The process of detachment will help you lead a happier life overall.
Here’s what Chopra.com has to say about it:
Many people are attached to relationships, money, social status, jobs, and more. Basically, anything you can use to describe who you are can be a sign of attachment. I might say: I am a blonde, mother, wife, daughter, and sister who is physically healthy and socially vibrant. I am a teacher, a writer, a speaker, and a student. However, if my brother dies and I was no longer a sister, I am still me. If I change what I do and stop writing, I am still me.
Recognizing that the “me” remains without all the descriptors is the goal.
How to Detach: 5 Steps
1. Observe your mind: Become aware of what kind of thoughts you habitually think. What things or descriptors do you identify with most? Become a student of self and heighten your awareness of where attachment happens more frequently for you. Recognize attachment comes with an emotional charge. Notice where you feel this in your physical body. It’s different for each individual and learning your patterns is a useful tool in creating change.

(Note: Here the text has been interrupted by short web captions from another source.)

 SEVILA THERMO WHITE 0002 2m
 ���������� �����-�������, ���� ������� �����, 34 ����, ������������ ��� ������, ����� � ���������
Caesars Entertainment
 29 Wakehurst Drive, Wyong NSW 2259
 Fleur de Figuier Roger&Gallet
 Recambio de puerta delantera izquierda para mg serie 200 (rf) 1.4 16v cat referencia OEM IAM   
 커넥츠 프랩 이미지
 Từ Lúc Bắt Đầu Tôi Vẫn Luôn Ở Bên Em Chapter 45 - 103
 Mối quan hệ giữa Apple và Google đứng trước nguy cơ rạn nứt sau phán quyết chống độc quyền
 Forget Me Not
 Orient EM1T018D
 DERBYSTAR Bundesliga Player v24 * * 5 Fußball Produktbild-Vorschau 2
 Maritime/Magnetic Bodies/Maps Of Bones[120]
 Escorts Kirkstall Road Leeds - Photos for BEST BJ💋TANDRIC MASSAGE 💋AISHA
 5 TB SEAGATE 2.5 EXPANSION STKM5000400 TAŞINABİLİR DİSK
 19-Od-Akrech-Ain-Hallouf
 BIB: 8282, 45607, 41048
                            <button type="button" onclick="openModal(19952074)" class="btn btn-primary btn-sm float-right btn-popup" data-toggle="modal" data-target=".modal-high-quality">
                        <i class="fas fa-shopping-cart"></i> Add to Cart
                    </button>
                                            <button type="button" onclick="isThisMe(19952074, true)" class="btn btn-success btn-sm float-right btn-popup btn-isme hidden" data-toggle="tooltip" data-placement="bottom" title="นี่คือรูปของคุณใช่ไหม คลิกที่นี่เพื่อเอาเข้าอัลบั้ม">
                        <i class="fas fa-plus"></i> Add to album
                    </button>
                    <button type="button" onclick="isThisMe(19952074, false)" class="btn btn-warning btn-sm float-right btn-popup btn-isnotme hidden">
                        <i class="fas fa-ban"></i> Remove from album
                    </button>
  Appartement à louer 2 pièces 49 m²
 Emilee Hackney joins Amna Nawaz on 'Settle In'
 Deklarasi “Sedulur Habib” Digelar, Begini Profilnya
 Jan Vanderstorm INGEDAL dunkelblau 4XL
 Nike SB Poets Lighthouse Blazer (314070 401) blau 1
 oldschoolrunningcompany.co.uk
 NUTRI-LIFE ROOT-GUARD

2. Distinguish between ego and actuality: Your ego might tell you that not getting the job you want has ruined your career. The actuality is: you are disappointed because you didn’t get something you wanted. Nothing has changed except your thoughts about your future potential. The actual situation is the same as it was prior to not getting the job and you can still advance your career.

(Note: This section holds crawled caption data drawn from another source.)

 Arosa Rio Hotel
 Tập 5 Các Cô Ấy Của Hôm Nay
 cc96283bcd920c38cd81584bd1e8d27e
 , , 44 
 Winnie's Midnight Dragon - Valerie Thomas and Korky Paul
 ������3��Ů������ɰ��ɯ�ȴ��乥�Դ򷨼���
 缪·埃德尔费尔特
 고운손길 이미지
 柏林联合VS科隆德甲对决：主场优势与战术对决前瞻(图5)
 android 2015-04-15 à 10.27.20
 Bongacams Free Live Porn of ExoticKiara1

3. Embrace uncertainty: Only a willingness to embrace the unknown provides security. What Deepak Chopra says about detachment: “Those who seek security in the exterior world chase it for a lifetime. By letting go of your attachment to the illusion of security, which is really an attachment to the known, you step into the field of all possibilities. This is where you will find true happiness, abundance, and fulfillment.”
4. Meditate on it: Meditation is a vehicle to help your mind release patterns of thought and action that no longer serve you. Spend some time in meditation each day and watch how the patterns in your life begin to change.
5. Don’t beat yourself up for falling into old habits: The first step in making change is recognizing what it is you want to change. Instead of getting frustrated/disappointed when you fall back into an old habit, celebrate that you are now noticing when you repeat the pattern of thought/habit. In time, this will allow you to transform your behavior.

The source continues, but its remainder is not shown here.